Surprisingly, /usr/X11R6/bin is almost empty, as compared to my RedHat box., and I am 100% sure I have selected X during the installation
/usr/X11R6 is deprecated, things have moved to /usr/bin, /usr/sbin, /usr/lib, etc..
Linking /bin/xterm to /usr/X11/bin/xterm allows me to start a session
xterm is now in /usr/bin/xterm. yum install xterm.
Question: is this the right thing to do on CentOS, or is this just a workaround?
The right thing to do is set PATH as appropriate and then simply use xterm. Why are you using an absolute path?
Luciano,
The reason why I'm using the absolute is simply because the default X settings (Starnet X-Win32)are setup that way, and as it works fine on Red Hat...
Anyhow, I now know what to do !! Thanks a lot for the quick answer
Cheers
On Thu, June 21, 2007 23:27, Luciano Rocha said:
On Thu, Jun 21, 2007 at 11:00:25PM +0200, Web and Co sprl - Patrick DERWAEL wrote:
Hi list
Im in the process of switching from a RedHat EL 4 to CentOS 5, and run into some problems
Im trying to open a X session to my Centos box, and got an error message stating that /usr/X11R6/bin/xterm is not found.

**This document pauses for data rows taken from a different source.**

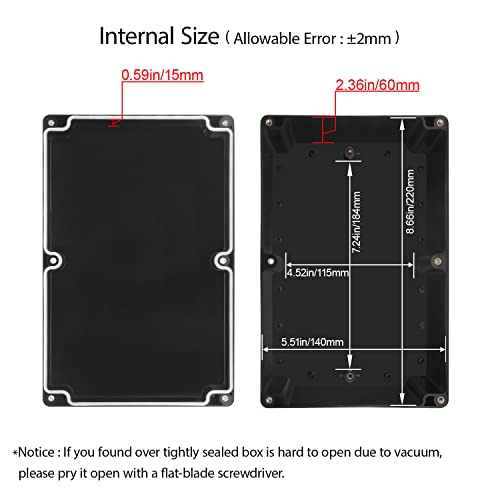 LeMotech Project Box ABS Plastic Junction Box IP65 Waterproof Hobby Box Electrical Boxes Universal Enclosure for Electronic Black 8.9X 5.7X 3.1 inch(230x150x85mm)（Pack of 1 - color: Black (1 pack), size: 8.9" x 5.7" x 3.1"
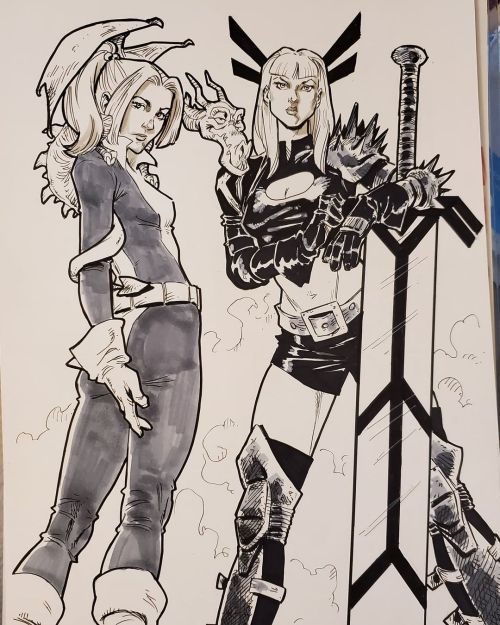 Still catching upnon #commissions. This is a wrap on #inkdrawing of #kittypryde and #Magik with #Loc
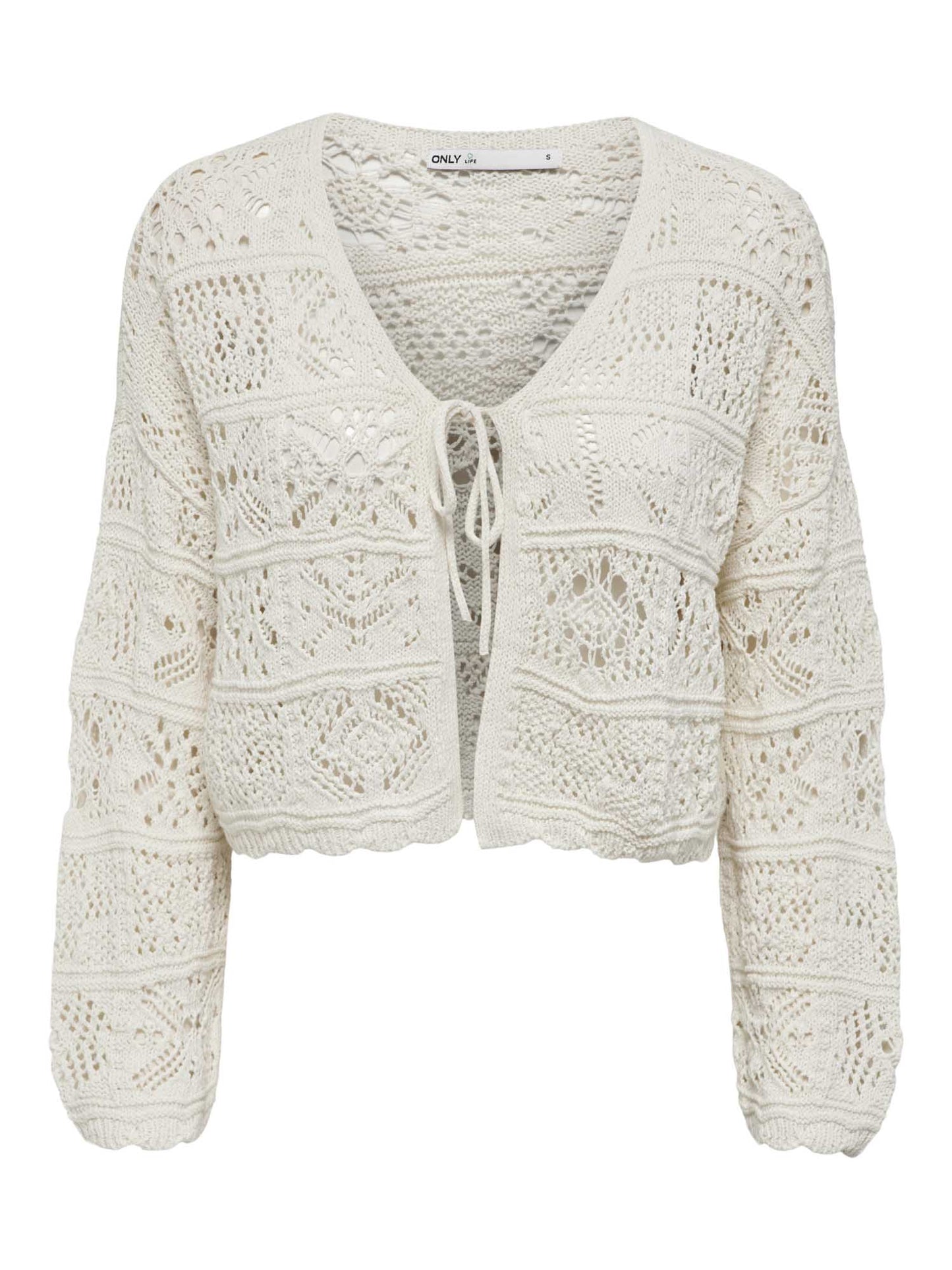 Only Cardigan Onlbeach Life panna in cotone riciclato da donna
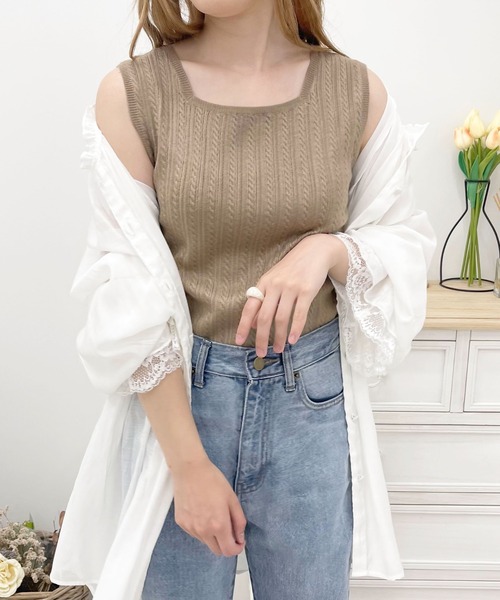 apres jour（アプレジュール）の「2WAYケーブルニットタンク【ZOZOTOWN限定アイテム】（ニット/セーター・レディース・アイボリー/ブラック/モカ・フリー/X-LARGE）」の3枚目の写真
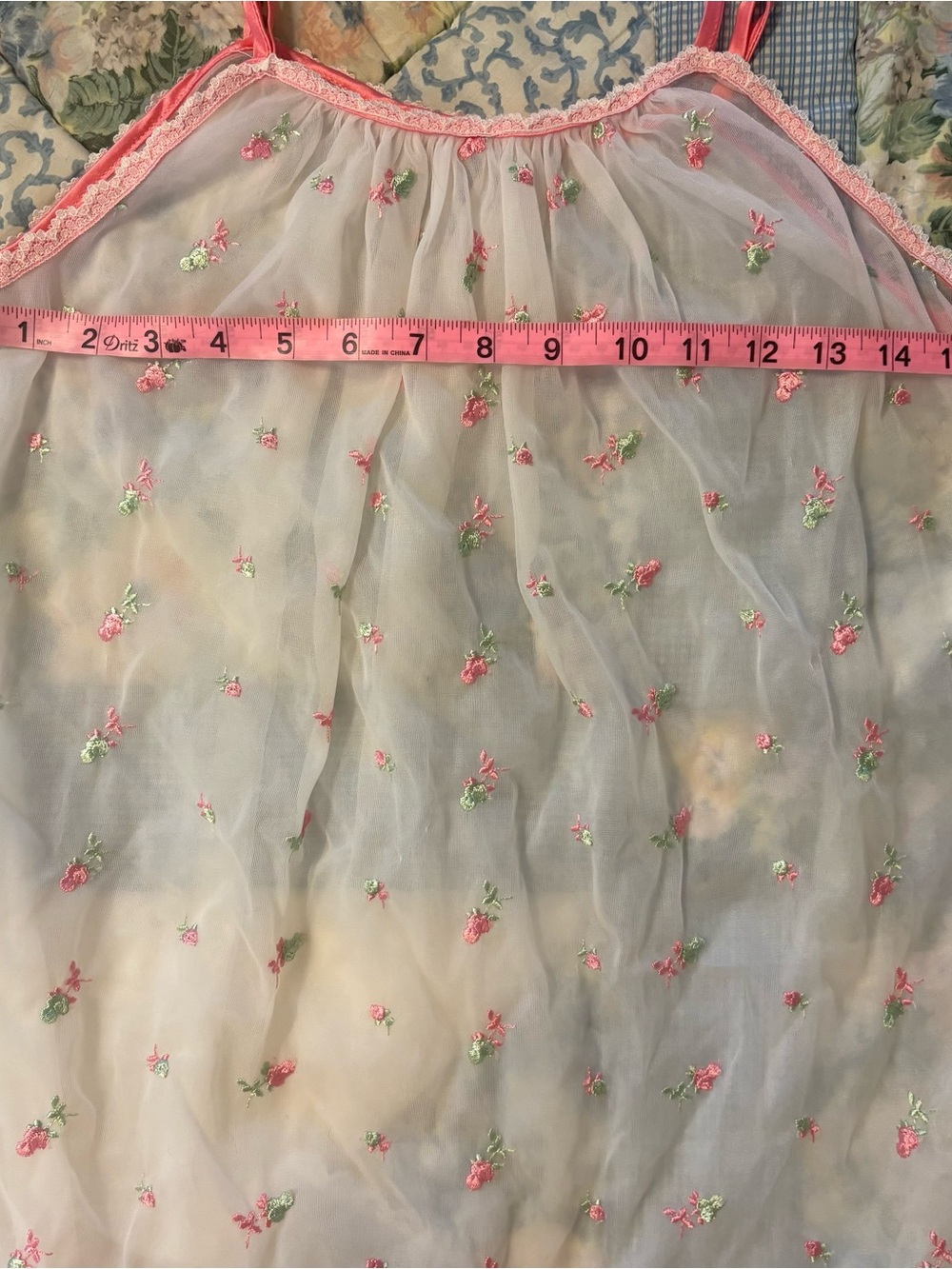 Vintage White Sheer Embroidered Babydoll Sleep Top - Picture 5 of 6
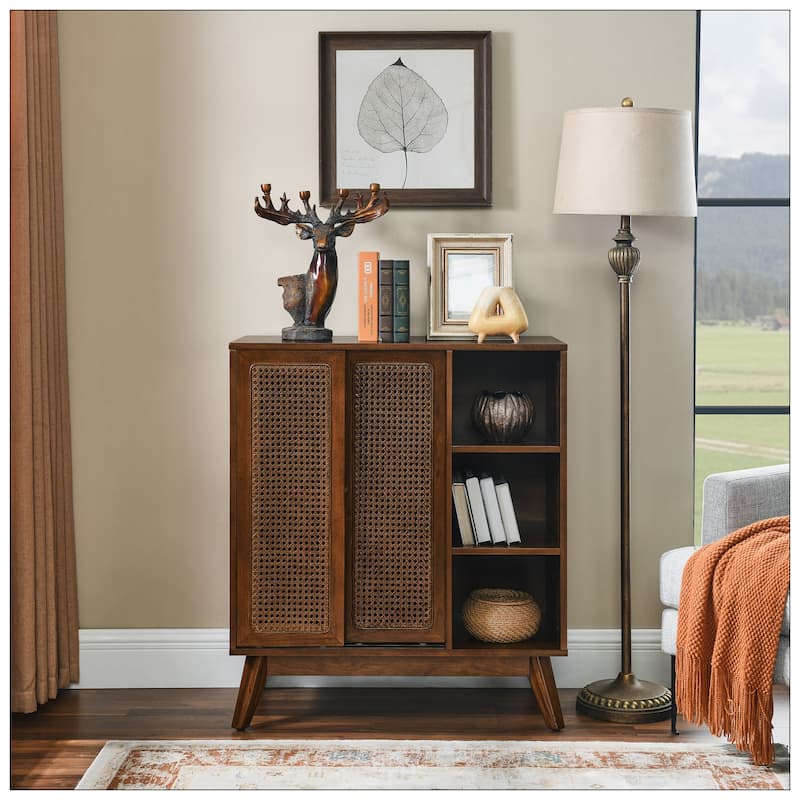 Mid Century Modern Rattan Sideboard Cabinet
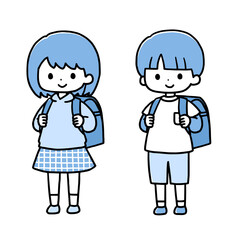 並んで立つ小学生の女の子と男の子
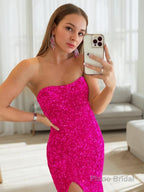 Sheath/Column Strapless Sweep Train Evening Dresses With Leg Slit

Surprisingly, /usr/X11R6/bin is almost empty, as compared to my RedHat box., and I am 100% sure I have selected X during the installation
/usr/X11R6 is deprecated, things have moved to /usr/bin, /usr/sbin, /usr/lib, etc..
Linking /bin/xterm to /usr/X11/bin/xterm allows me to start a session
xterm is now in /usr/bin/xterm. yum install xterm.
Question: is this the right thing to do on CentOS, or is this just a workaround?
The right thing to do is set PATH as appropriate and then simply use xterm. Why are you using an absolute path?